=== ACTION ITEM ===
In the entries below, find the line with "myntra.com StyleCast Women" and the line with "(Etiquette) C. Herman". Repeat exactly everything between them, those two lines included, but not the pictures.

--- MATERIAL SUPPLIED Enclosed Below ---

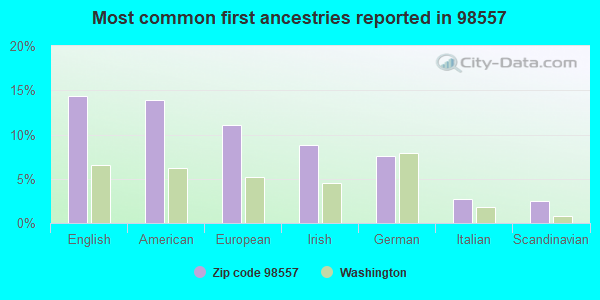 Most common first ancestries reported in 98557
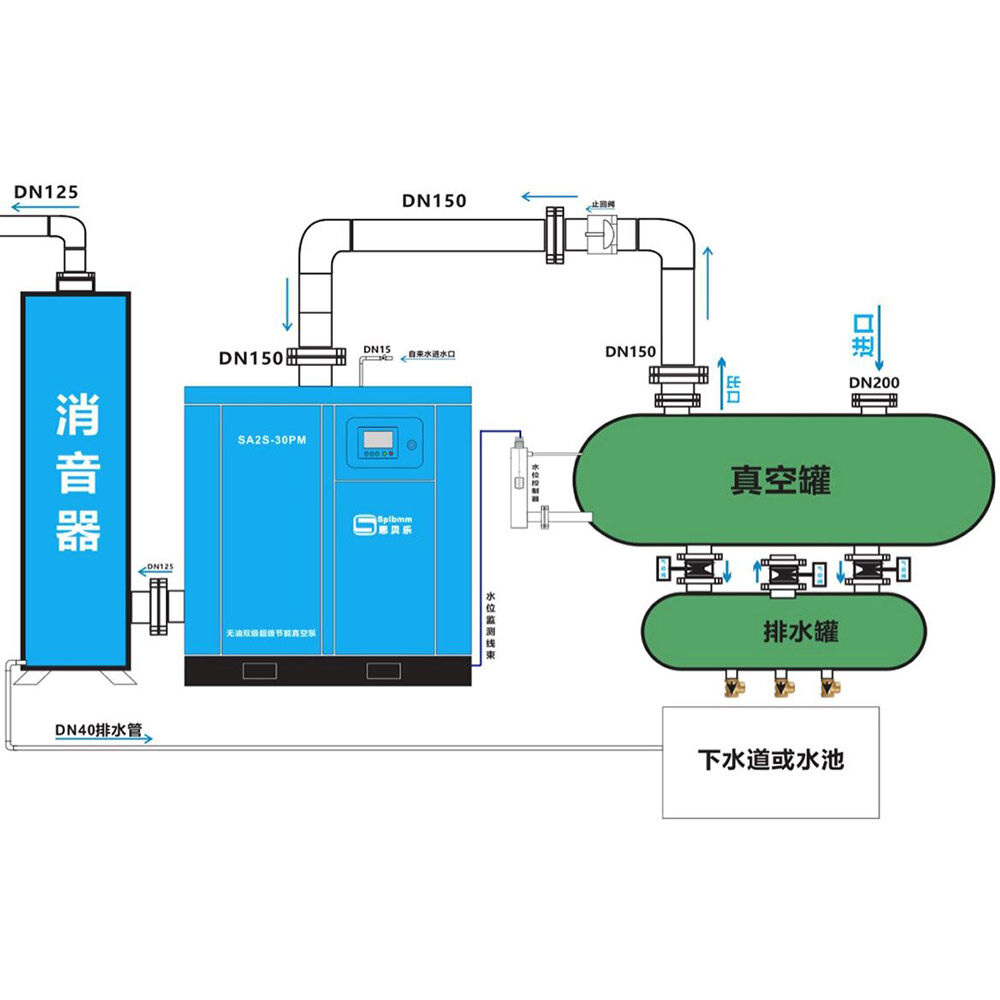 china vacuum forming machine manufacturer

--- End of Enclosed MATERIAL SUPPLIED ---
--- MATERIAL SUPPLIED Enclosed Below ---

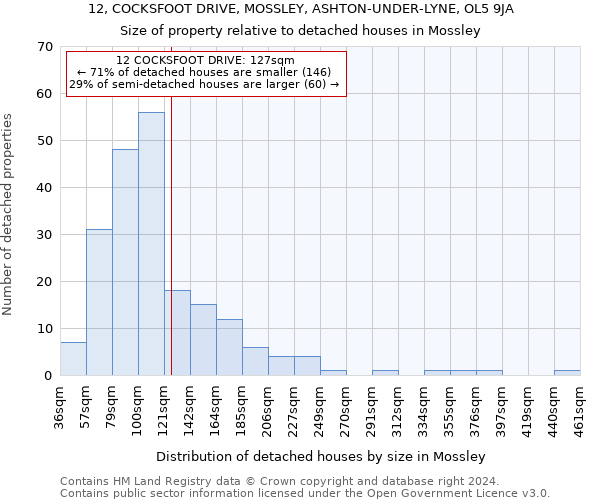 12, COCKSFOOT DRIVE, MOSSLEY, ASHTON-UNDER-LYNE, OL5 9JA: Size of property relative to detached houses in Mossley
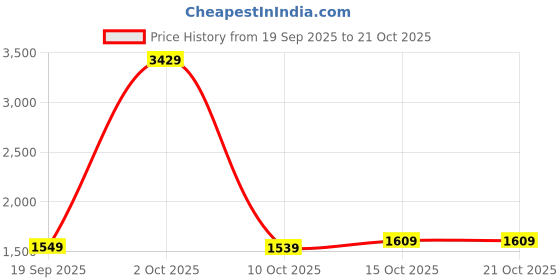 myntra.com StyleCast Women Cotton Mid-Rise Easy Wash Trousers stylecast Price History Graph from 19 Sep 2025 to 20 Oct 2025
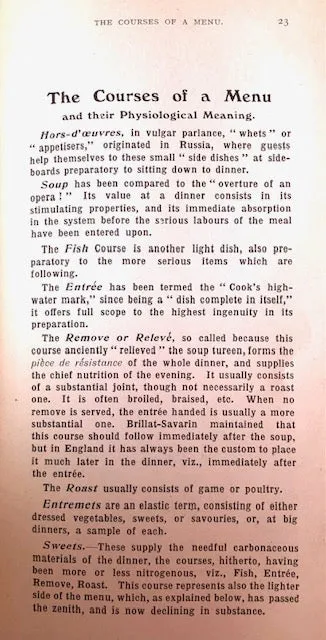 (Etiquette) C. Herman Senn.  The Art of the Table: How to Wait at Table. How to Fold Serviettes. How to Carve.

--- End of Enclosed MATERIAL SUPPLIED ---
--- MATERIAL SUPPLIED Enclosed Below ---

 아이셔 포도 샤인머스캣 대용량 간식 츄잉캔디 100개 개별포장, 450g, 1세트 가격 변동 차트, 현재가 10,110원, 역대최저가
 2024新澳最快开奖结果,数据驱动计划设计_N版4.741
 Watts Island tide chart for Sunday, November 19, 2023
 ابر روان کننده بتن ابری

--- End of Enclosed MATERIAL SUPPLIED ---

=== YOUR SOLUTION ===
 myntra.com StyleCast Women Cotton Mid-Rise Easy Wash Trousers stylecast Price History Graph from 19 Sep 2025 to 20 Oct 2025
 (Etiquette) C. Herman Senn.  The Art of the Table: How to Wait at Table. How to Fold Serviettes. How to Carve.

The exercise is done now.